The distrust is so deep that the fully-stocked vaccination sites in Moscow are often empty. The fears were not helped by the example of President Vladimir V. Putin, who has not yet taken the vaccine himself.

“If the massive demand for vaccination arises, colliding with the shortage of drugs due to exports, then it could become a political problem,” said Ekaterina Schulmann, associate researcher at Chatham House, a London-based research institute, on the use of the vaccine in foreign policy. “Now, everyone who wants to get a vaccine can get it, so it is a source of pride that Russia was one of the first to have a vaccine and that we help others too.”

It is unclear how long this situation will last, given the problems of vaccine production, which are somewhat emblematic of Russia’s general economic problems, stemming largely from state control.

The vaccine license is controlled by two state institutions, a research institute and a sovereign wealth fund. They closed export and production deals, while seven private pharmaceutical factories manufacture most of the vaccine under contracts that provide little financial incentive for innovation or even long-term investment.

Professor Kulish, a consultant to Russian pharmaceutical companies, said several vaccine manufacturers delayed production for months last year, while waiting for critical pieces of equipment made in China and which were in short supply during the pandemic.

“Unfortunately, Russia does not produce any biotechnological equipment,” he said, adding that he expects an increase in production starting this month.

But that remains to be seen. At a vaccine production site under contract with a company outside of St. Petersburg this week, vials of Sputnik vaccine came off a production line, each containing five doses and the potential to save lives.

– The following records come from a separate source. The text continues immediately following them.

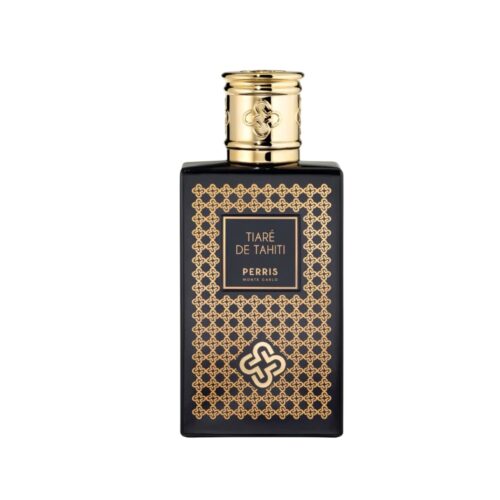 PERRIS MONTE CARLO TIARÉ DE TAHITI 50ML SPRAY EAU DE PARFUM
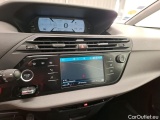  Citroen  C4 Picasso CITROEN C4 Spacetourer 5p Monovolume BlueHDi 130 S&S EAT8 Business #7
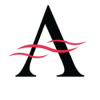 ANTHEM PRESS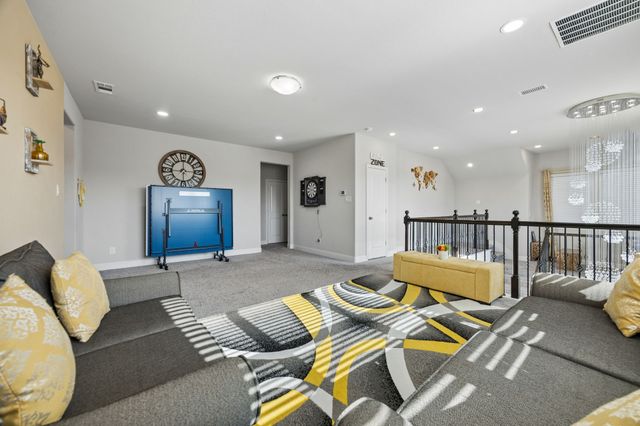 4500 El Paso Drive, Plano, TX 75024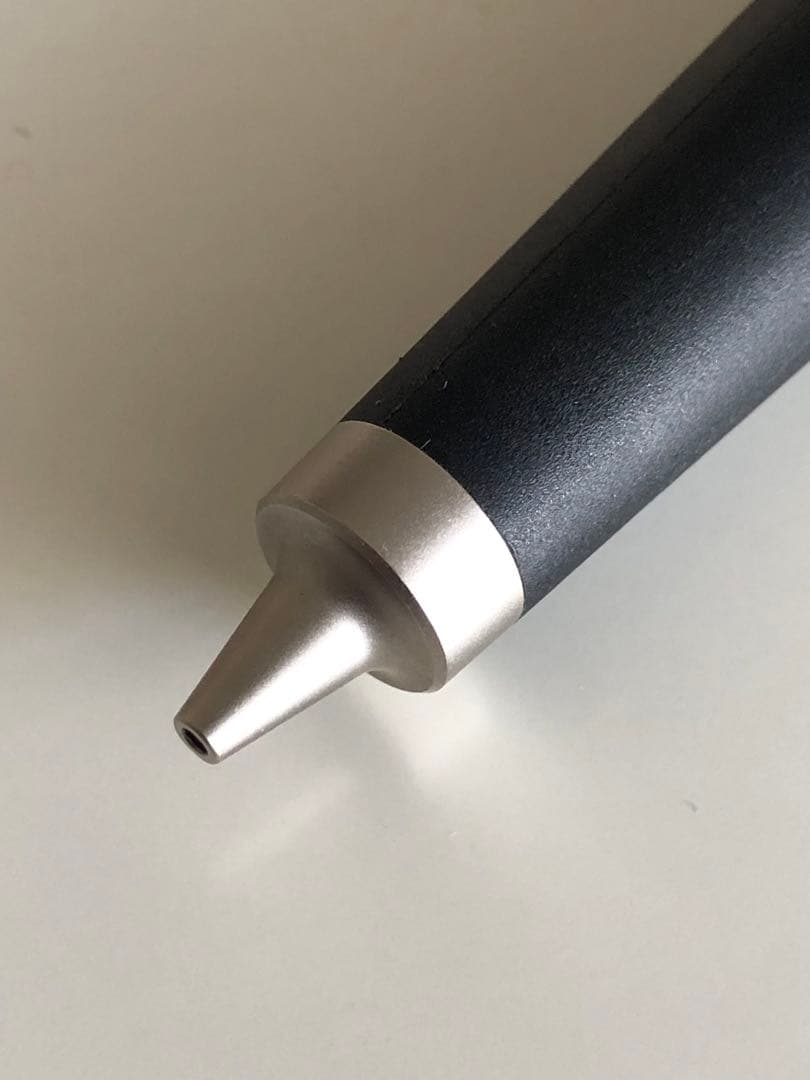 LAMY スクリブル　0.7mm シャープペンシル　廃盤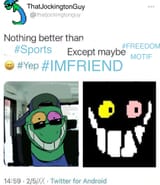 GxI_uJZWgAAzoNt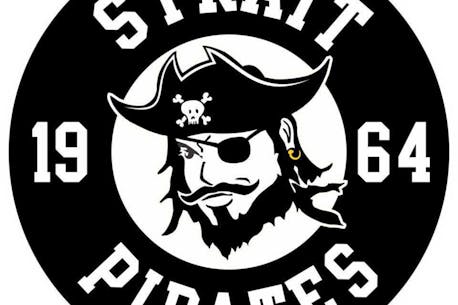 NSJHL: Strait Pirates double Eskasoni Eagles on Friday, move into tie for second place in Sid Rowe Division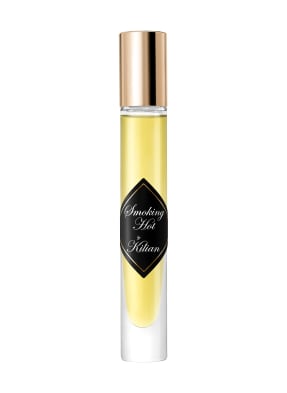 Kilian Paris Smoking Hot Parfémová voda 7.5 ml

However, sizing production has been a challenge. “It is a very capricious technology,” said Dmitri Morozov, the company’s chief executive, Biocad. His company received the contract in September and, in early February, had produced just 1.8 million sets of two doses – a far cry from the hundreds of millions promised by the Kremlin to foreign buyers.

Morozov said his factory has the capacity to produce twice the vaccine. But vaccine contracts are so costly that he loses money on production, forcing him to reserve half of his capacity for a lucrative cancer drug. He has since added other vaccine lines.

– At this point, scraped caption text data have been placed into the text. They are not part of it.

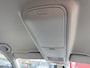 Volkswagen Touran 1.2 TSI Trendline Bm 7p. 2DE EIG. RIJDT GOED NETTE AUTO NAP APK 4-2027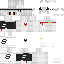 Texture for exe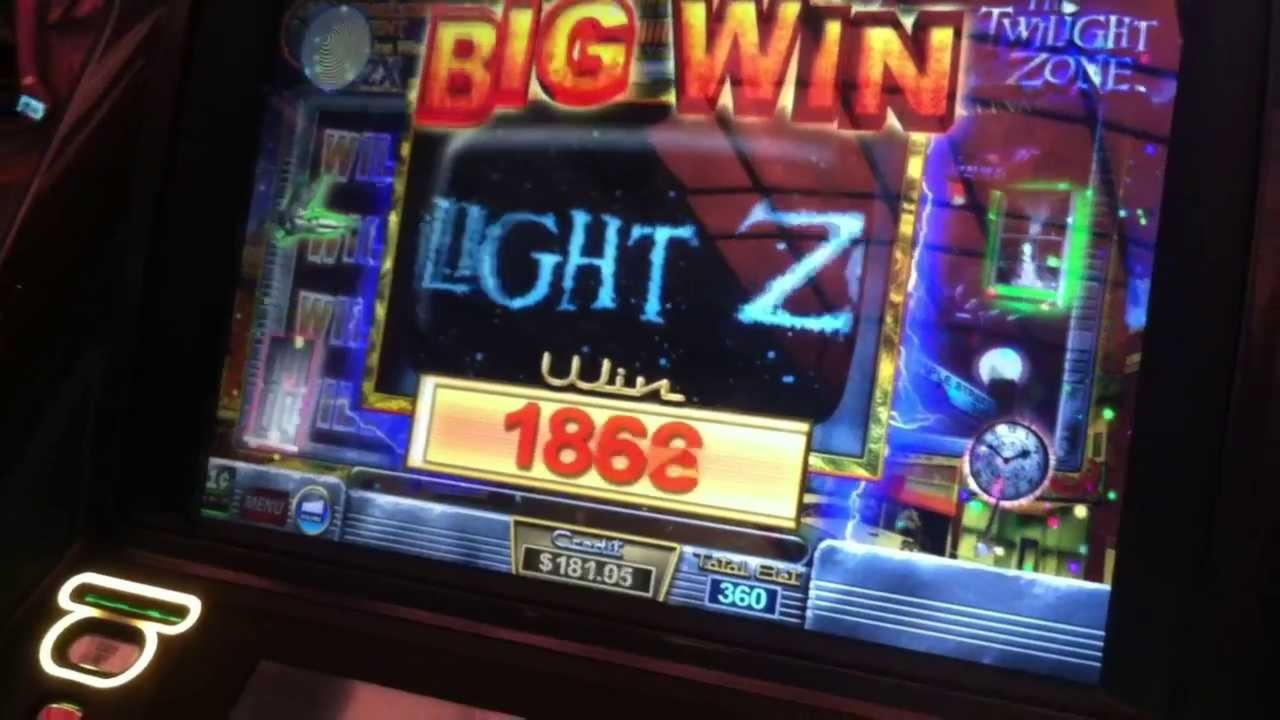 225 Trial Spins at Vegas Crest Casino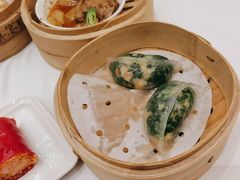 -喜宴又一村·粤菜·茶点·海鲜(壹方天地店)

In the long term, Russia is seeking foreign producers to expand production, signing agreements with companies in India, South Korea and China. But these companies appear to be months away from producing the vaccine.

Kremlin spokesman Dmitri S. Peskov said last month that future production abroad will meet foreign demand, avoiding domestic shortages.

For now, Russian doctors who care for Covid-19 overflowing wards complain that they had to continue working without receiving the vaccine. Yuri Korovin, a 62-year-old surgeon from the Novgorod region, northwest of Moscow, never received a dose before falling ill in late December.

“Of course, you can’t forget your own people,” he said of exports, still coughing and hissing, in a telephone interview.